When a large language model answers a question, it sometimes generates web addresses that do not exist. The model is not accessing the internet in real time. It is predicting what a plausible-looking URL would be for the brand or service being discussed. Most of the time, those invented addresses go nowhere because no one has registered them. Phantom squatting is what happens when attackers register them first.
The mechanics are straightforward. Attackers prompt AI models with questions about well-known companies, services, and portals. The models produce invented domains that sound credible. Attackers identify which of those domains are unregistered, claim them, and build phishing pages behind them. When a person or an AI system later follows the same recommendation and visits that address, they land on attacker-controlled infrastructure that looks entirely legitimate.
Unit 42's research put numbers to the scale of the problem. Across 685,339 queries covering 913 global brands, two AI models produced 2.1 million URLs. Of those, 13,229 were already flagged as malicious by threat intelligence systems. Roughly 250,000 additional hallucinated domains had no owner yet, each one a potential registration target for any attacker who moves first.
Conventional phishing depends on deception. The attacker crafts a message designed to lower the recipient's guard, usually by creating urgency or imitating a trusted sender. Standard defenses look for those signals: unusual senders, mismatched domains, suspicious attachments.
Phantom squatting removes that step. The malicious domain does not arrive in a suspicious email. It arrives as a recommendation from an AI assistant the employee already uses for research, writing, or development work. The link looks credible because it was generated by a tool the business trusts, and the domain itself may be newly registered with no prior reputation for anyone's filters to flag.
Unit 42's researchers described the core problem directly: the recommendation arrives through a trusted assistant rather than a phishing email, so it inherits credibility the attacker never had to earn.
The threat is not theoretical. On March 8, 2026, Unit 42's detection system identified a domain that AI models were consistently inventing when asked about a national postal service's online marketplace. Both models produced the same fabricated address at every test setting.
Twenty-three days later, an attacker registered that exact domain and deployed a phishing kit named Montana Empire. The kit replicated the real storefront in real time and was built using an AI coding assistant, meaning both the defender and the attacker arrived at the same invented domain through the same mechanism: the model's own internal patterns. The kit collected card numbers, bank transfer details, and national identification data before it was detected.
For a small or mid-sized business, phantom squatting matters for two reasons.

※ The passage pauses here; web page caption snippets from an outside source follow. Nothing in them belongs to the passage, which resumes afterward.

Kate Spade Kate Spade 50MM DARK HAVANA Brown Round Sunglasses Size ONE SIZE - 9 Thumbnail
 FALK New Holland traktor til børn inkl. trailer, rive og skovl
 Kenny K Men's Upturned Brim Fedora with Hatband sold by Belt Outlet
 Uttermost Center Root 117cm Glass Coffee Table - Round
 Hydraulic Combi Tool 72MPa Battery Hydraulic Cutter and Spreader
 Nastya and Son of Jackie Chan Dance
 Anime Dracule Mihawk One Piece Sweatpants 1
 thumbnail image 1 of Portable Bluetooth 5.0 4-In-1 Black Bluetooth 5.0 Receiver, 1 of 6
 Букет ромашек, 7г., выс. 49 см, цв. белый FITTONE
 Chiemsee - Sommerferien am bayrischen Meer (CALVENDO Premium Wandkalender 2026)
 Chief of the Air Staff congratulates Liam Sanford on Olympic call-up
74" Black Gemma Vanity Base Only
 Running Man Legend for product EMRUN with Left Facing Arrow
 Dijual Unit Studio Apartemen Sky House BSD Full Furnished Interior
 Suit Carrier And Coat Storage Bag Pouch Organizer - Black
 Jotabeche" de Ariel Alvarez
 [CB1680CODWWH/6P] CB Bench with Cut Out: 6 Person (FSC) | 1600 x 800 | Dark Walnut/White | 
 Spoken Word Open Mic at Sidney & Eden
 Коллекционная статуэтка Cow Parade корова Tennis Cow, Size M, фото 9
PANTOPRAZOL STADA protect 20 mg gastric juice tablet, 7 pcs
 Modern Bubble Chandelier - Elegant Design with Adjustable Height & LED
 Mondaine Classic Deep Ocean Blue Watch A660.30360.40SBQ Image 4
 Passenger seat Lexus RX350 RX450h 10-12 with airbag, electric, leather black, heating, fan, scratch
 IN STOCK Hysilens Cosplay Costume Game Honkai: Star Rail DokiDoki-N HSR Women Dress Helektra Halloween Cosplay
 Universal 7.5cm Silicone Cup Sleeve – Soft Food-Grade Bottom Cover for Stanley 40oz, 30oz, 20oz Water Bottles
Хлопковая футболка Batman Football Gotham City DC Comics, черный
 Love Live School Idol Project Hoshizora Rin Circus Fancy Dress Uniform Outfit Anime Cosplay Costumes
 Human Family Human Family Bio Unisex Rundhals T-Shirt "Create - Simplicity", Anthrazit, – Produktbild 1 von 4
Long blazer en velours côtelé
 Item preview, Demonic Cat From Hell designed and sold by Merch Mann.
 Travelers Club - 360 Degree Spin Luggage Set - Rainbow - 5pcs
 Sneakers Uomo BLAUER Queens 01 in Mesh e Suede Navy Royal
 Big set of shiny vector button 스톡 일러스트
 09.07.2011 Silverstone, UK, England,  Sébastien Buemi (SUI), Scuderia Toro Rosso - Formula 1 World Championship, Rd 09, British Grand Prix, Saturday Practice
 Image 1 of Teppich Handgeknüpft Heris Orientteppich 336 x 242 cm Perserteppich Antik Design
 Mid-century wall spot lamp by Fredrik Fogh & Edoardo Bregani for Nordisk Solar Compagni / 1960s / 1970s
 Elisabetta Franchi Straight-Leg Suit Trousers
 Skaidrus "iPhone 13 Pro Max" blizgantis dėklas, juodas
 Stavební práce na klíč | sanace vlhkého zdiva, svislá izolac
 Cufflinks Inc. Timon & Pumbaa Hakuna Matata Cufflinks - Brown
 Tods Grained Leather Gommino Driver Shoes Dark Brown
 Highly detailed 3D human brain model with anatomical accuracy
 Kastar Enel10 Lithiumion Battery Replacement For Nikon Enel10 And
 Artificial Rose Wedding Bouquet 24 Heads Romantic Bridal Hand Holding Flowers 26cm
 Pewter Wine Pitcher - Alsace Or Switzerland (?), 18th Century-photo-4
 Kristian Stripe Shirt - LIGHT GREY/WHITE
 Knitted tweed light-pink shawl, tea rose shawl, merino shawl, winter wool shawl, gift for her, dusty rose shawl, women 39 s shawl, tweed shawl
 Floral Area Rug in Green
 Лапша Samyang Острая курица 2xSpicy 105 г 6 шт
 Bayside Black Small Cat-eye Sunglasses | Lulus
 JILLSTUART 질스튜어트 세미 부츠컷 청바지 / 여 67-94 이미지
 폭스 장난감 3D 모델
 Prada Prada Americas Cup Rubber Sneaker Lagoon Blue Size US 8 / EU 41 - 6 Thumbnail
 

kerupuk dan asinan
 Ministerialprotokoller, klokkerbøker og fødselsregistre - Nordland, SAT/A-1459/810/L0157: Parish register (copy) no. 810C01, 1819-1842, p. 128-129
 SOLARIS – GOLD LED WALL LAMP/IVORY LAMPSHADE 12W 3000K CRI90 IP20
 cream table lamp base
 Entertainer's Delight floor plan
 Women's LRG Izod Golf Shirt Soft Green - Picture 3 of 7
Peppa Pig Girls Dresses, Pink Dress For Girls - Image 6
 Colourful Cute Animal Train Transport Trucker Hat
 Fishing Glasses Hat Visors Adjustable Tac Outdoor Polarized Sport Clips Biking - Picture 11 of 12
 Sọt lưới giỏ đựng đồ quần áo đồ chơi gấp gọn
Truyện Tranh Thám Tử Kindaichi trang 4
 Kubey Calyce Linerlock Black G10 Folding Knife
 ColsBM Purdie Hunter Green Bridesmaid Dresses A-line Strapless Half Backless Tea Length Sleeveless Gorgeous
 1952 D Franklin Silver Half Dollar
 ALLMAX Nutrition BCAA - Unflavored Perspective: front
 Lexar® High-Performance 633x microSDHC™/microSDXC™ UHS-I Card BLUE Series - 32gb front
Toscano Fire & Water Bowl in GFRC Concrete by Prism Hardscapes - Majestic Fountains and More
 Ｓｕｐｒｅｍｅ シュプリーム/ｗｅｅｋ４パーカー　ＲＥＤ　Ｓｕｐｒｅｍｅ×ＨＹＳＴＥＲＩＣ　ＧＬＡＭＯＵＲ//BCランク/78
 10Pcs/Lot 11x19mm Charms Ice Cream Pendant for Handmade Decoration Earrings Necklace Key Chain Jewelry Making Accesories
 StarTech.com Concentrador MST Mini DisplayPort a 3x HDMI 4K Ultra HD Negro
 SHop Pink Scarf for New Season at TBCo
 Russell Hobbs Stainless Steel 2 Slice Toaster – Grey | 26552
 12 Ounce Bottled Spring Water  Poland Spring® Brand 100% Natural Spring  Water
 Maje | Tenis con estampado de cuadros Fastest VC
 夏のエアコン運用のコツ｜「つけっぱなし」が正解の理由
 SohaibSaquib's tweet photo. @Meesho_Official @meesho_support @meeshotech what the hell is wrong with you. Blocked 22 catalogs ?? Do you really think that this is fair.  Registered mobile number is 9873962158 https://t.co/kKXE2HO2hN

The first is that employees using AI assistants for day-to-day tasks are now a potential vector. A staff member asking an AI tool to look up a vendor portal, an API endpoint, or a client-facing service may receive a hallucinated URL. If that URL has already been claimed by an attacker, following the recommendation is enough to initiate a credential theft or malware delivery.
The second reason is that standard defenses offer limited protection here. Newly registered domains typically have no threat reputation at the moment of a phantom squatting attack. Domain reputation filters, which rely on prior malicious activity to flag a site, cannot detect a domain that has not yet been used against anyone.
The response does not require specialized tooling. A few straightforward habits close most of the exposure.
Treat AI-generated links the same way you would treat any unverified external source. Before visiting a URL produced by an AI assistant, confirm that the domain matches the organization's official address through an independent check, such as a direct web search or a known bookmark. This single step breaks the attack chain at its weakest point.
For teams using AI tools in development work, apply the same verification to any API endpoints or external service URLs generated during coding. A plausible-looking domain in a code recommendation deserves the same scrutiny as one in an email.
Awareness matters here more than most threats, simply because employees are unlikely to have encountered this risk before. A short briefing on how AI tools can generate invented addresses, and why those addresses need verification before use, costs very little and addresses the gap that phantom squatting specifically exploits.